◆ Exercise objective ◆
What is needed is an exact copy of the records below, without the pictures.

'''

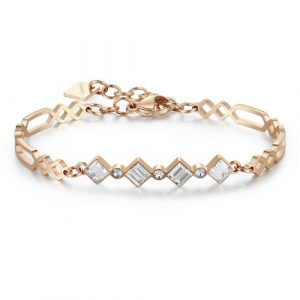 Bracciale Donna Brosway BJU12 
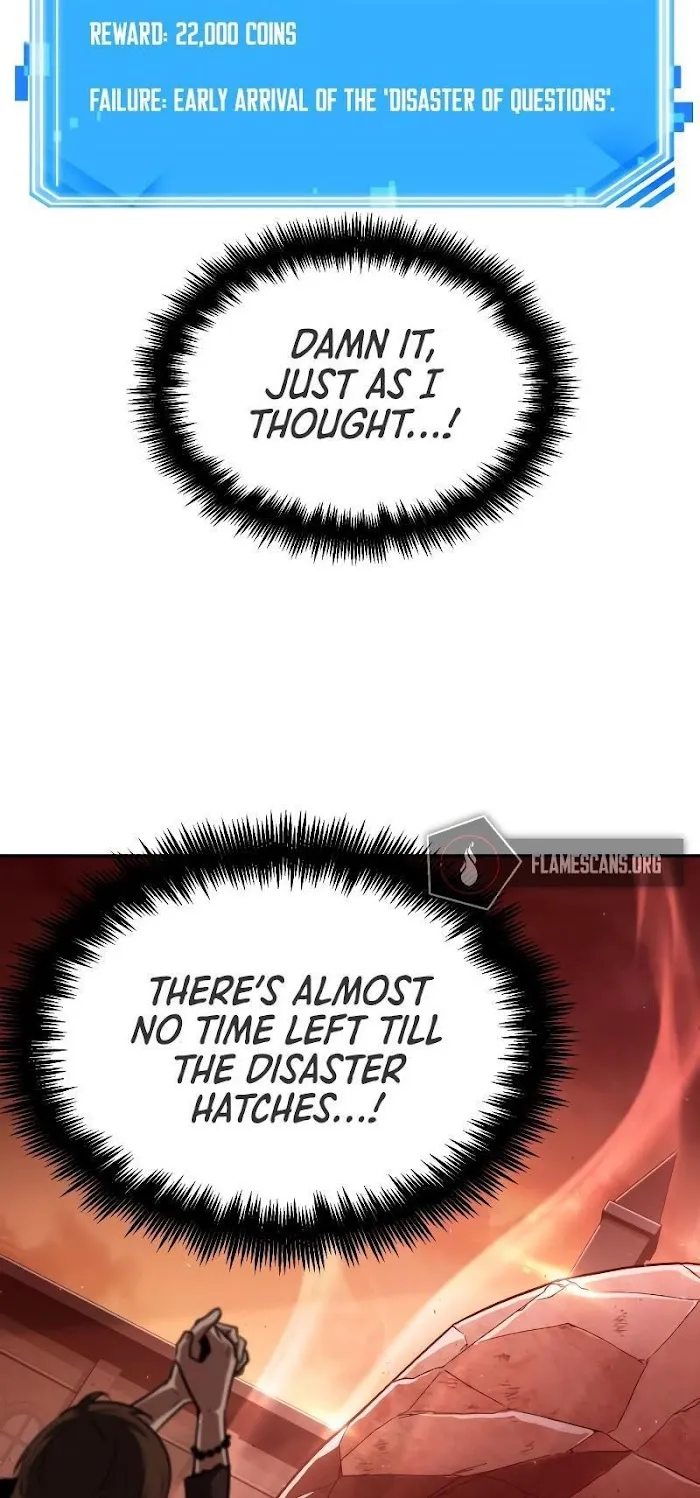 Omniscient Reader’s Viewpoint - Chapter 78 Page 76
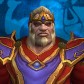 Bulkus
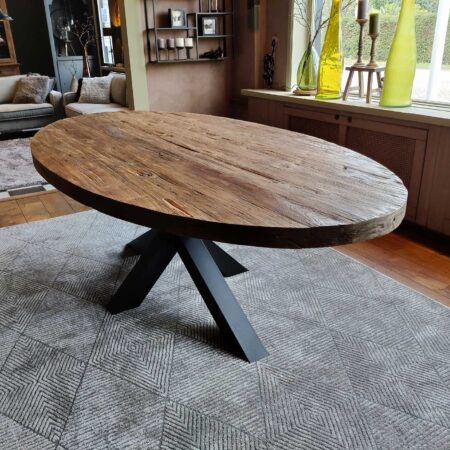 vloerkleed-Upton-7131
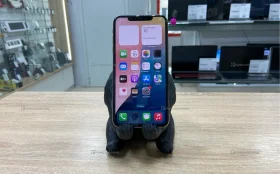 Купить Apple iPhone XS Max 4/256 ГБ б/у , в Москва и область Цена:12900рублей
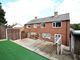 Thumbnail Semi-detached house for sale in Wellstone Avenue, Leeds, West Yorkshire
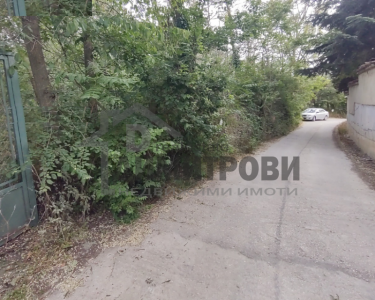 Земя за продажба Варна м-т Сотира - Photo 2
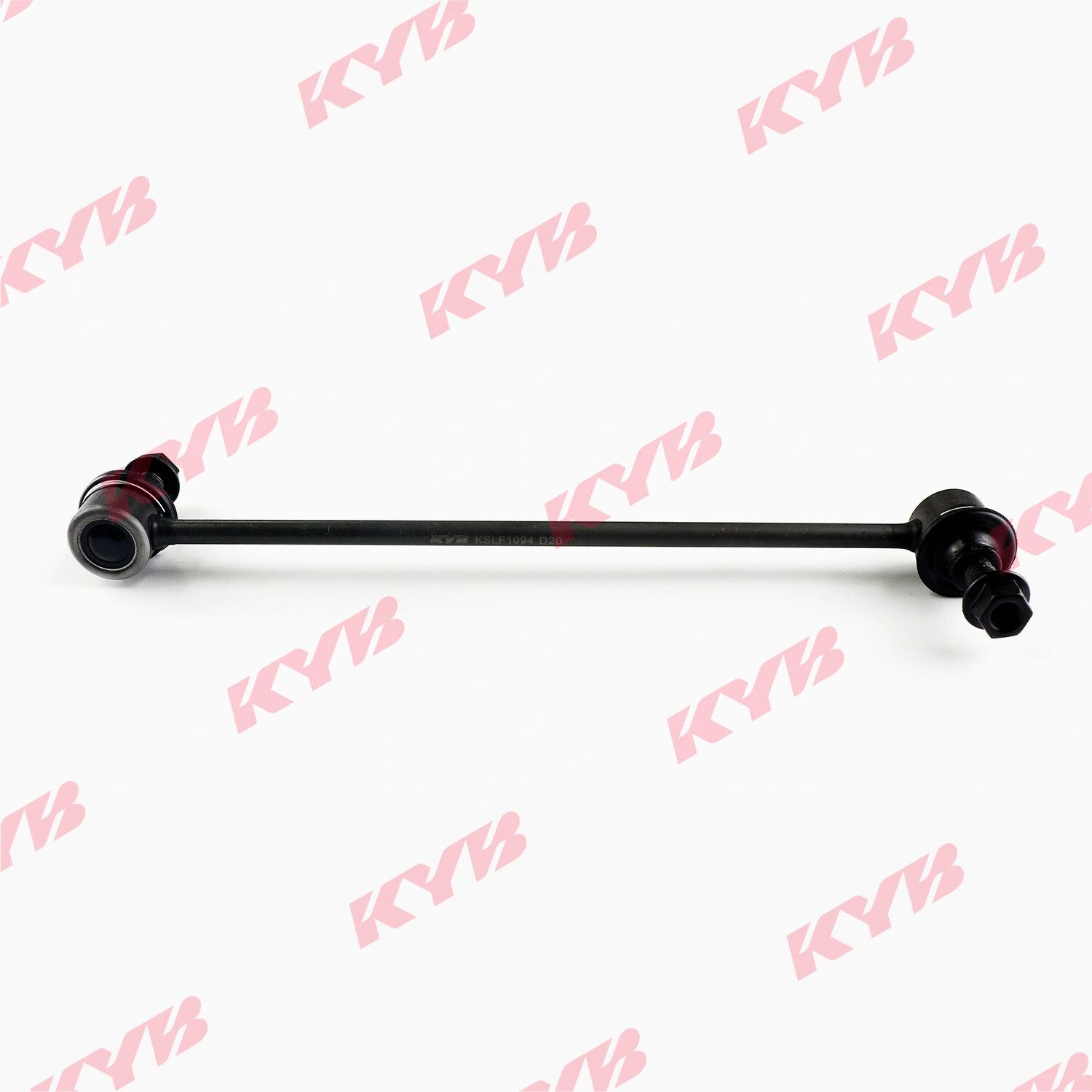 KYB Rúd/kar, stabilizátor - KSLF1094 - TothCarparts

'''

◆ Response ◆
 Bracciale Donna Brosway BJU12 
 Omniscient Reader’s Viewpoint - Chapter 78 Page 76
 Bulkus
 vloerkleed-Upton-7131
 Купить Apple iPhone XS Max 4/256 ГБ б/у , в Москва и область Цена:12900рублей
 Thumbnail Semi-detached house for sale in Wellstone Avenue, Leeds, West Yorkshire
 Земя за продажба Варна м-т Сотира - Photo 2
 KYB Rúd/kar, stabilizátor - KSLF1094 - TothCarparts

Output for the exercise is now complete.